The 24-year-old man had lived a quiet life in and around Washington for three years after escaping from the Patuxent Institution, a Maryland prison. He waited tables in local restaurants and then became a carpenter before joining a management training program at the toy store in Silver Hill.
There he fell deeply in love with the schoolgirl and hoped to marry her, but the girl's father forbade it.
That refusal prompted the couple to elope Oct. 4, and that elopement marked the beginning of a month-long Maryland-to-Miami odyssey in which the couple tried unsuccessfully to get married. During that journey, police allege, they committed eight armed robberies.
The odyssey ended Nov. 3 when the lovers were trapped by Miami detectives in a MacDonald's parking lot and forced to lie on the ground at the point of a shotgun. If convicted of the armed robbery charges against them, the couple could be sentenced to 40 years in prison.
Bellamy has pleaded innocent by reason of insanity. The girl's lawyer is attempting to have her tried in juvenile court.
"I just love him too much," the girl said recently. "I knew he'd escaped from prison, but it was our little secret. We wanted to be together. We only wanted to be married."
The girl's father views the bizarre episode differently. "Bellamy," he said, "has ruined her life. She was never in any kind of trouble before she met him. He's a sneaky no-good punk."
The girl, a redhead with hazel eyes, was an outgoing student at Frederick Douglass High School in Upper Marlboro on summer vacation between her sophomore and junior years when she began work at the toy store.
Bellamy, at the time, was enjoying "the happiest years of my life" following his escape.
"I had a whole new circle of friends," he said. "I joined the Jaycees and went bowling on Thursday nights. I worked as a carpenter then got into the toy store program and met [her]."
The girl said it was love at first sight. "He's just so sweet. He had the cutest smile I'd ever seen."
"He looks like a little kid. He had this hang-dog, mama's-boy look that young girls just love," said her father contemptuously. "Both of them were walking around with stars in their eyes."

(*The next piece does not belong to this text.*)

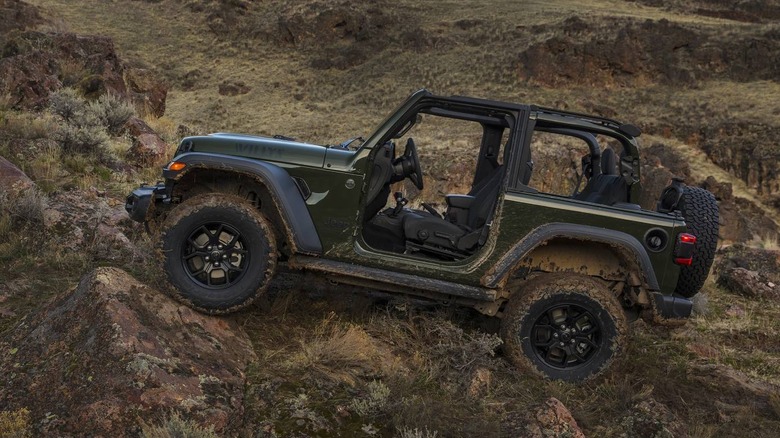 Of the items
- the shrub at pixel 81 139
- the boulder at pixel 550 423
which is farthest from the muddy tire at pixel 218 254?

The girl's father felt Bellamy was using his daughter and ordered her to avoid him. So when Bellamy called her at home Oct. 4 and asked her to run away with him she readily agreed. Bellamy arrived at her home that afternoon in a taxi and "I got right in with him with nothing but the clothes on my back."
Bellamy told cab driver George Sibley to take them to St. Charles City, Md. According to court documents the cab was southbound on Maryland Rte. 5 when Bellamy ordered Sibley to turn off on an isolated road in Bryantown, Md.
"I kept asking Mike 'where are we going?' but he just said 'Settle down,'" his girlfriend recalled. "On the way we got to talking with the driver and he liked us so much he asked us to call him George.
"Well," she said, "when we got to the road Mike all of a sudden pulls out a gun and tells George he's going to rob him. That's when I got scared."
According to court documents Bellamy stole $20 from Sibley and tied him to a tree while the girl held the gun on the driver. The girl said the couple then drove away in the taxi, and abandoned it outside a private school in Waldorf.
For two days the couple lived in woods bordering Rte. 301 until they were driven out by cold and hunger, the girl recalled. "We decided to hitchhike to Florida because we figured it'd be warm down there."
Eighteen year-old Toni Adriani was driving northbound on the highway heading to his Camp Springs home after attending a hunt club meeting in St. Charles City when he noticed the two hitchhikers on the side of the road.
"I didn't expect any trouble," Adriani remembered. "I usually pick up hitchhikers. They both looked a little dirty but they were clean-cut."
Shortly after Bellamy and the girl got into the car, Bellamy pulled the gun out and told Adriani to turn the car around, the girl said.
"We were just talking. They asked me my name and told me theirs and said something about Florida," Adriani said. "Then this little guy gets that gun out.I told him I'd like to break his neck. He said 'that's why I got the gun.'"
The car entered an isolated road behind the Waldorf Shopping Center, where Bellamy tied Adriani to a tree, the girl said.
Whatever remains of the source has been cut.